## [MATERIAL FOR THE TASK]
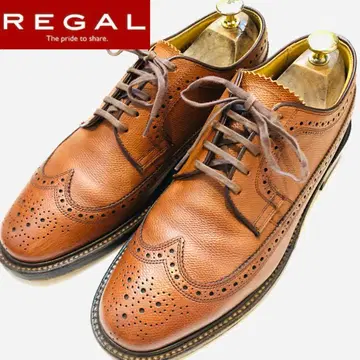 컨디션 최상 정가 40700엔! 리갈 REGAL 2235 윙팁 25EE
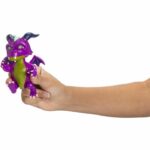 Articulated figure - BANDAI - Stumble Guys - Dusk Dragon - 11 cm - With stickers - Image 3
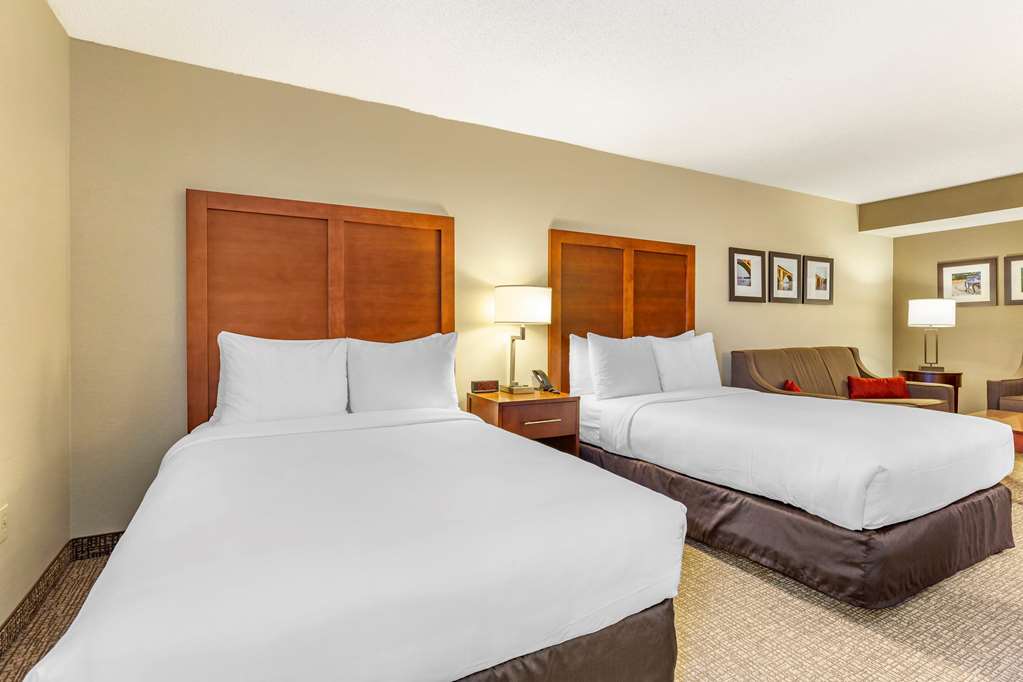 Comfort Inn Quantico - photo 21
==
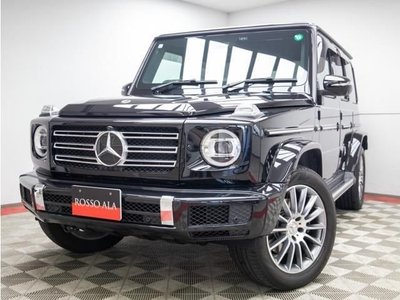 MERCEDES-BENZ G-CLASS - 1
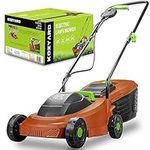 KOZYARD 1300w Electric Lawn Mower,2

## [EXERCISE DIRECTIONS]
An exact copy is needed of the entries above, starting at the line that holds "Articulated figure - BANDAI" and stopping at the line that holds "Comfort Inn Quantico - photo 21", both kept; pictures stay out.

## [SOLVED EXERCISE]
 Articulated figure - BANDAI - Stumble Guys - Dusk Dragon - 11 cm - With stickers - Image 3
 Comfort Inn Quantico - photo 21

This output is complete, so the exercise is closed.